Why is this function consuming lots of memory for large inputs? (ie 100000000 choose 50000000) I can understand if it might be slow, but it shouldn't use more than constant memory, should it? (assuming GHC knows about tail-call optimization)

GHC version 7.8.3

modulus :: Int
modulus = 10007

choose :: Int -> Int -> Int
choose n1 k1
    | s1 > 0 = 0
    | otherwise = q1
  where
    (q1, s1) = doChoose n1 k1 (1, 0)
    doChoose :: Int -> Int -> (Int, Int) -> (Int, Int)
    doChoose _ 0 (qr, sr) = (qr, sr)
    doChoose n k (qr, sr) =
        doChoose (n `seq` (n-1)) (k-1) (qr `seq` (qn * qr `rem` modulus * inv qk `rem` modulus), sr `seq` (sn + sr - sk))
      where
        (qn, sn) = removePs n
        (qk, sk) = removePs k

removePs :: Int -> (Int, Int)
removePs n =
  case r of
    0 -> (q0, s0 + 1)
    _ -> (n, 0)
  where
    (q, r) = n `quotRem` modulus
    (q0, s0) = removePs q

inv :: Int -> Int
inv = doInv 0 1 modulus . (`mod` modulus)
  where
    doInv x _ 1 0
      | x < 0 = x + modulus
      | otherwise = x
    doInv _ _ _ 0 = error "Not relatively prime"
    doInv x y a b = doInv y (x - q * y) b r
      where
        (q, r) = a `quotRem` b

Answer 1

By the way, to simplify your expressions, you can write a helper function:

force x = x `seq` x

or use force (no pun intended) from the Deepseq package.
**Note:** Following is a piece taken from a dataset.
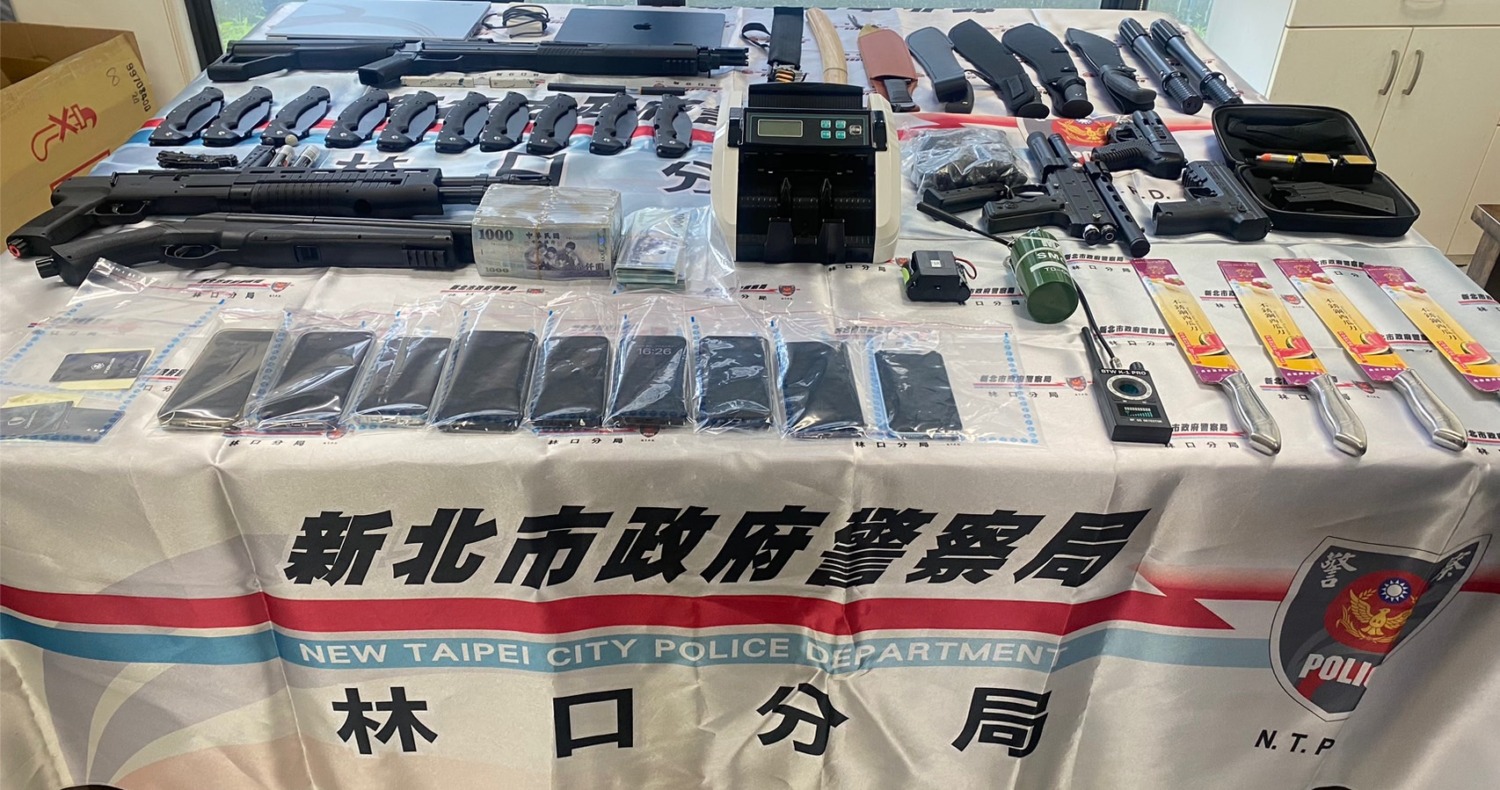 林口分局破獲一處專為境外詐騙集團運作的車手派遣機房，並逮捕6名嫌犯。（記者 黃荷琇翻攝）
Then

doChoose (force n - 1) (k - 1) (qn * force qr * etc.)

Answer 2

I was putting the seq in the wrong place.

It needs to be:

n `seq` qr `seq` sr `seq` doChoose (n-1) (k-1) (qn * qr `rem` modulus * inv qk `rem` modulus, sn + sr - sk)

Otherwise the call to seq isn't evaluated until reaching the base-case and a chain of thunks is still built up.

This isn't strictly tail-recursive, but rather it's "mutually" tail-recursive since seq ultimately returns its second argument without modifying it.